In [1]:
import numpy as np

from lifelines.datasets import load_kidney_transplant

from scipy.optimize import minimize

from sksurv.datasets import load_whas500
from sksurv.linear_model import CoxPHSurvivalAnalysis
from sksurv.util import Surv

import numba as nb
from numba import njit


In [2]:
df = load_kidney_transplant()

X = df[['age','black_male','white_male','black_female']].to_numpy().astype(np.float64)
time = df['time'].to_numpy().astype(np.float64)
event = df['death'].to_numpy().astype(np.float64)

def normalize(X):
    return np.subtract(X , X.mean(axis=0))/X.std(axis=0)

X = normalize(X)

unique_times, time_return_inverse =  np.unique(time,return_inverse=True)
n_unique_times = len(unique_times)

In [3]:
def reverse_cumsum(a):
    return np.flip(np.cumsum(np.flip(a)))

# import xarray as xr

# def three_dimensional_groupby_sum(array,by):
#     result = xr.DataArray(array).groupby(xr.DataArray(by)).sum()
#     return result.values[result.group.values]

@njit(
nb.types.Array(nb.float64,3,'A', False, aligned=True)(
    nb.types.Array(nb.float64, 3, 'A', False, aligned=True),
    nb.types.Array(nb.int64, 1, 'C', False, aligned=True),
    nb.int64)
)
def three_dimensional_groupby_sum(array,by,n_unique_times):
    output = np.zeros((n_unique_times, array.shape[1],  array.shape[2]))

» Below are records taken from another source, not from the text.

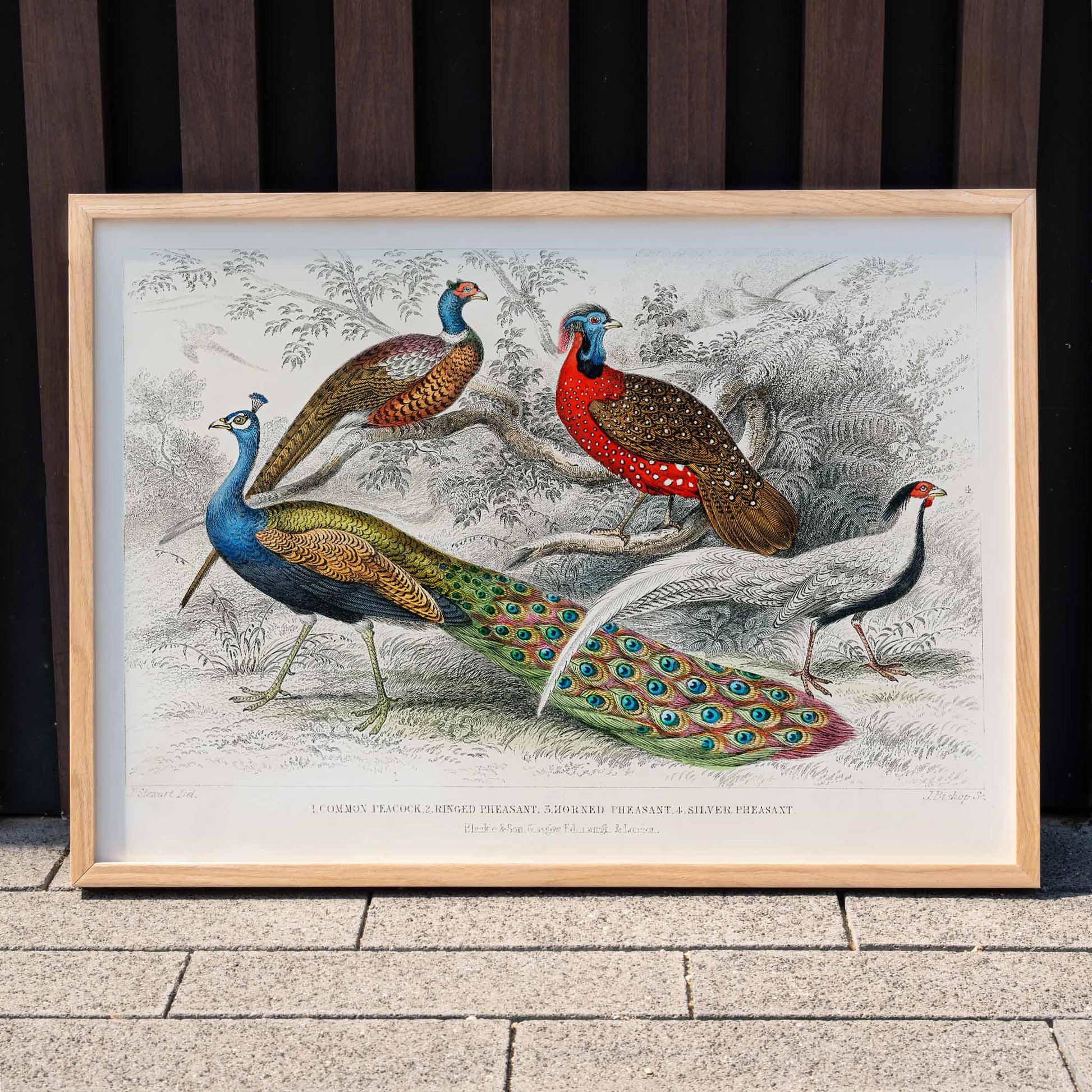 Vibrant illustration and poster of peacock and pheasants including Common Peacock Ringed Pheasant Horned Pheasant and Silver Pheasant by Oliver Goldsmith from A History of the Earth and Animated Nature, framed and displayed in modern living room decor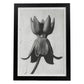 Lámina Planta blanco y negro 08. Pósters con ilustraciones de flores y plantas en tonos grises.-Artwork-Nacnic-A3-Marco Negro-Nacnic Estudio SL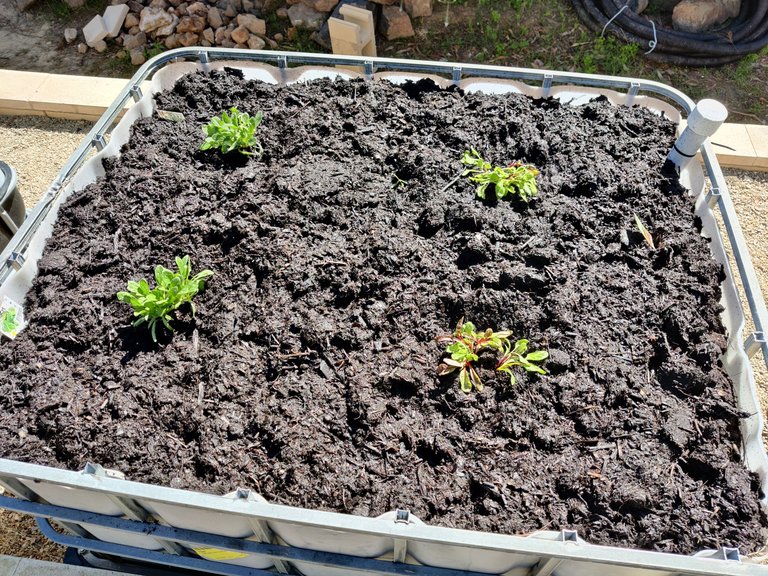 First Veggie Batch Planted!.jpg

    for i in range(by.shape[0]):
        by_i = by[i]
        array_i = array[i]
        output[by_i] += array_i
        
    return output

In [4]:
def get_n_log_likelihood_loss_jacobian_hessian(weights,X,event,time_return_inverse,n_unique_times):

    p = np.dot(X,weights)
    p_exp= np.exp(p)
    risk_set = reverse_cumsum(np.bincount(time_return_inverse,weights= p_exp))[time_return_inverse]

    loss = -  np.sum(event * (p - np.log(risk_set)))
    
    XxXb = np.multiply(X,p_exp[:,np.newaxis])
    XxXb_at_Xt_at_time = np.apply_along_axis(lambda a: np.bincount(time_return_inverse,weights=a,minlength=n_unique_times),0,XxXb)
    XxXb_at_Xt_at_time_cumsum = np.apply_along_axis(reverse_cumsum,0,XxXb_at_Xt_at_time)
    XxXb_at_Xt_at_index = XxXb_at_Xt_at_time_cumsum[time_return_inverse]

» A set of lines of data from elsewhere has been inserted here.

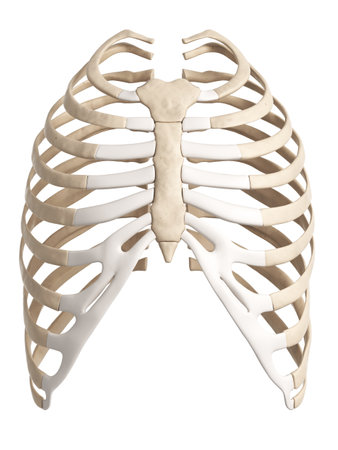 3d rendered illustration of the rib cageの写真素材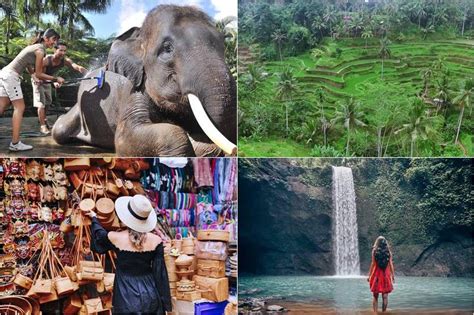 Bali Bathing Elephant Tibumana Waterfall Tour Candidasabalitour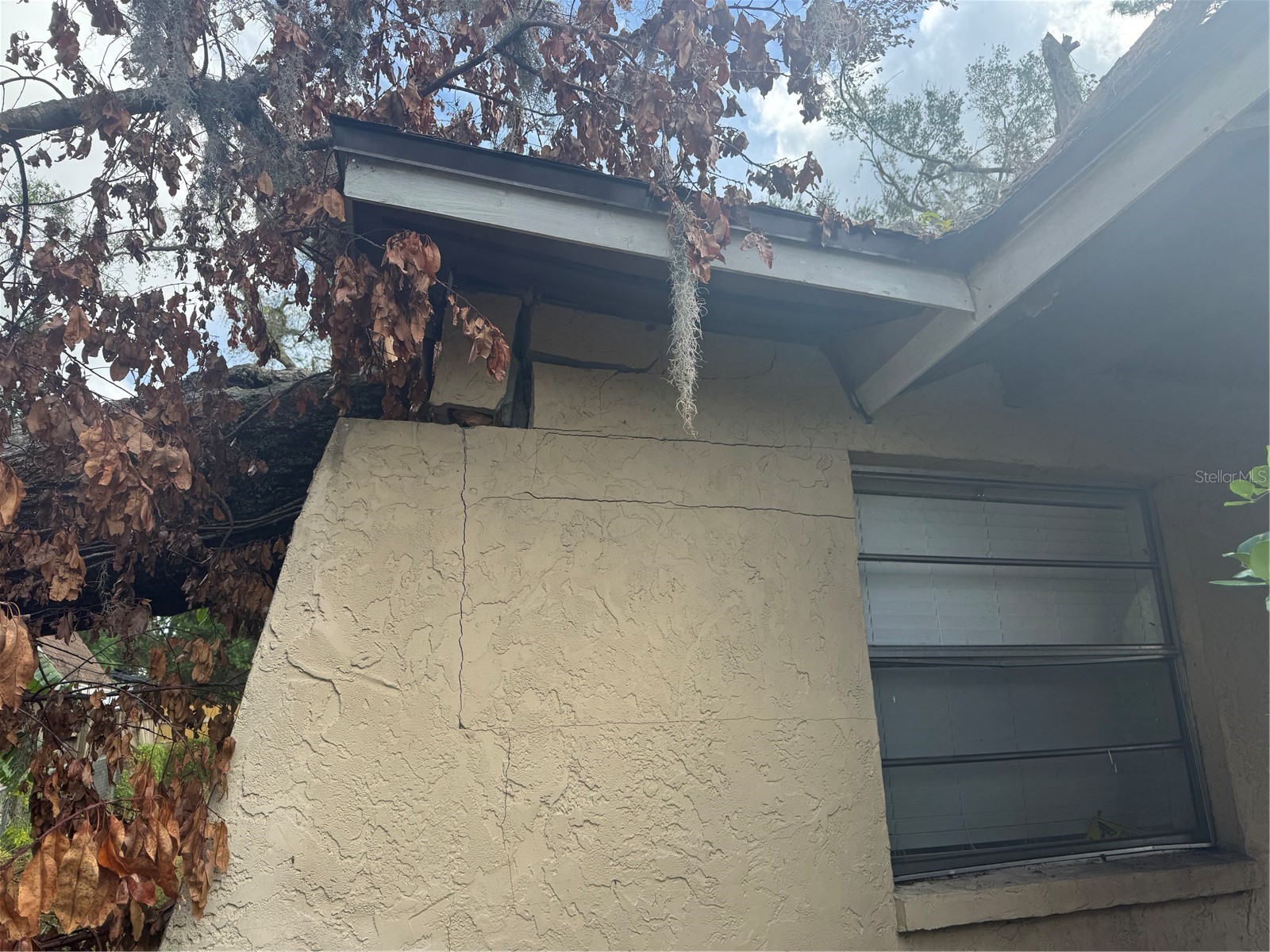 801 N Kingsway Road Seffner FL 33584 TB8463986 image28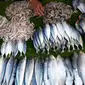 Direktur Jenderal Perikanan Tangkap (DJPT) Kementerian Kelautan dan Perikanan (KKP) terus mendorong nelayan di Indonesia menggunakan e-log book penangkapan ikan secara regular. (Dok FAO Indonesia)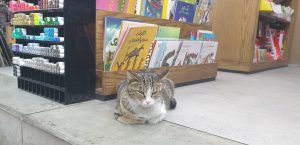 بهای شناخت!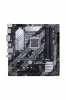 ASUS Z490MPLUS Motherboard Photo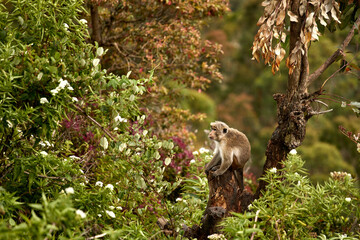 Portrait of a cute monkey in the jungle, close up. Monkeys in the tea plantations of Sri Lanka
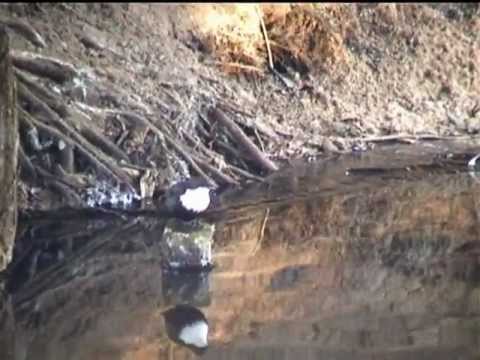 WASSERAMSEL am Kagarbach - Cinclus cinclus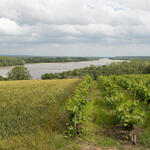 Orientation 2 : Maintenir les paysages ouverts et les vues sur la Loire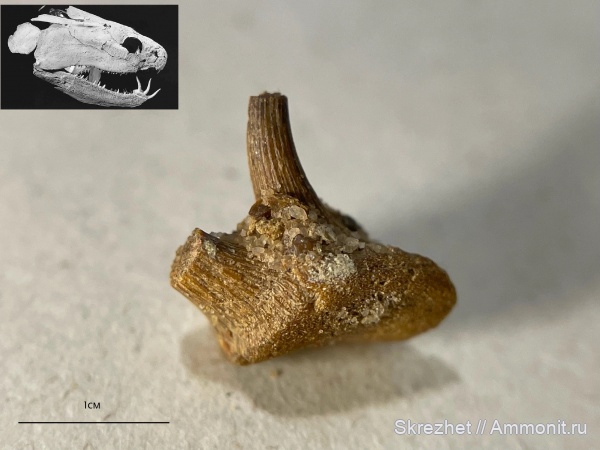 девон, рыбы, Sarcopterygii, Onychodus, Onychodontidae, лопастеперые рыбы, Onychodontida, Ониходус, симфизные спирали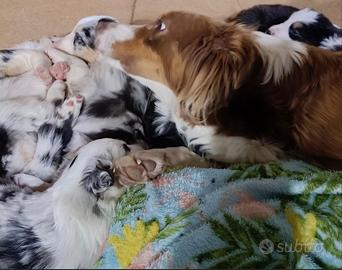 Cuccioli Pastore Australiano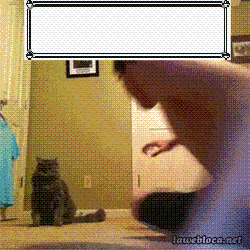 Pokemon Go! interrumpe comunicado anti-terrorista del gobierno estadounidense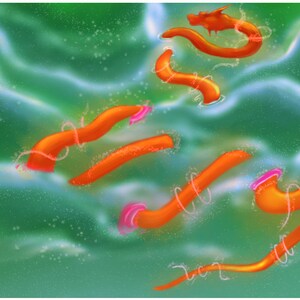 Dragon Digital Art Print Download Orange Green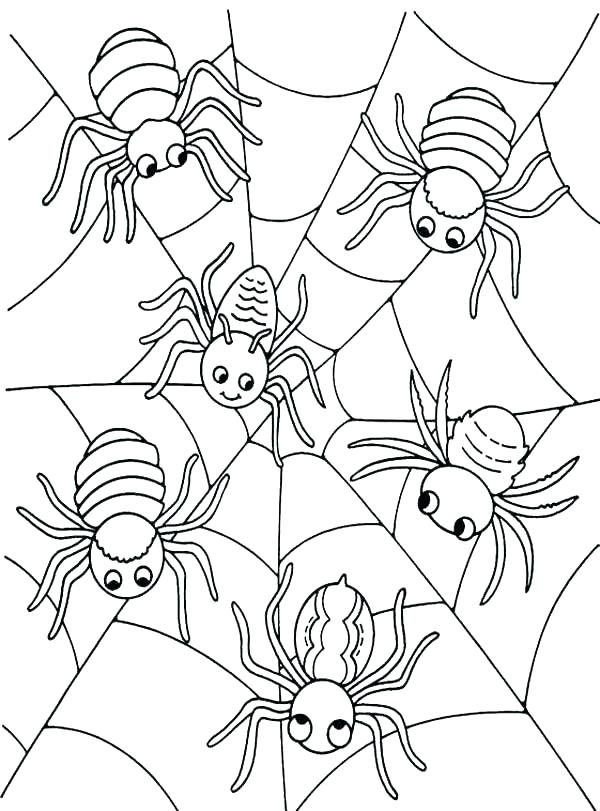 600x811 Free Spider Coloring Pages Spider Web Coloring Pages Spider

    jacobian= -np.sum(event[:,np.newaxis] * (X - XxXb_at_Xt_at_index/risk_set[:,np.newaxis]),axis=0)
    
    X2xXb = np.einsum("ij,ik,i->ijk", X, X, p_exp)
    #X2xXb_at_time = three_dimensional_groupby_sum(X2xXb,time_return_inverse)
    X2xXb_at_time = three_dimensional_groupby_sum(X2xXb,time_return_inverse,n_unique_times)
    X2Xb_at_Xt_at_index = np.flip(np.add.accumulate(np.flip( X2xXb_at_time)))[time_return_inverse]
    
    a = X2Xb_at_Xt_at_index/risk_set[:,None,None]
    b = np.matmul(XxXb_at_Xt_at_index[:,:,None], XxXb_at_Xt_at_index[:,None,:])/(risk_set**2)[:,None,None]
    c = a - b

    hessian = np.sum(event[:,None,None] * c,axis=0)

    return loss, jacobian, hessian
    

In [5]:
def train_weights_for_cox_ph_breslow(X,event,n_unique_times,time_return_inverse, max_itterations = 100, loss_jacobian_hessian_function=get_n_log_likelihood_loss_jacobian_hessian):
    #https://myweb.uiowa.edu/pbreheny/7210/f15/notes/10-27.pdf 
    #according to Dr.Breheny's notes, one should start halfsteping Newton-Raphson for cox when one starts having touble traning, before terminating the training loop
    #"Supposedly" R's survival package does this

    weights = np.zeros(X.shape[1])

    last_loss = np.array(np.inf)
    
    half_step = False
    
    for i in range(max_itterations):
        loss, jacobian, hessian = loss_jacobian_hessian_function(weights,X,event,time_return_inverse,n_unique_times)
        if (loss < last_loss) &  (not half_step):
            last_loss = loss
            weights = weights -  np.dot(np.linalg.inv(hessian),jacobian)
        elif (loss < last_loss) & half_step:
            last_loss = loss
            weights = weights - (0.5 * np.dot(np.linalg.inv(hessian),jacobian))
        else:
            if half_step:
                break
            else:
                half_step = True

    return weights


In [6]:
hand_trained_cox = train_weights_for_cox_ph_breslow(X,event,n_unique_times,time_return_inverse)
print(hand_trained_cox)

[ 0.68441213 -0.01099881  0.04867061  0.1145396 ]


In [9]:
y_sur = Surv().from_arrays(event,time)
sscox_coef = CoxPHSurvivalAnalysis(ties='breslow').fit(X ,y_sur).coef_
print(sscox_coef)

[ 0.68441213 -0.01099881  0.04867061  0.1145396 ]


In [10]:
np.testing.assert_almost_equal(hand_trained_cox,sscox_coef)
#weights seem to match, lets do a speed test

In [14]:
%timeit train_weights_for_cox_ph_breslow(X,event,n_unique_times,time_return_inverse)

3.84 ms ± 293 μs per loop (mean ± std. dev. of 7 runs, 100 loops each)


In [15]:
%timeit  CoxPHSurvivalAnalysis(ties='breslow').fit(X ,y_sur)

58.3 ms ± 317 μs per loop (mean ± std. dev. of 7 runs, 10 loops each)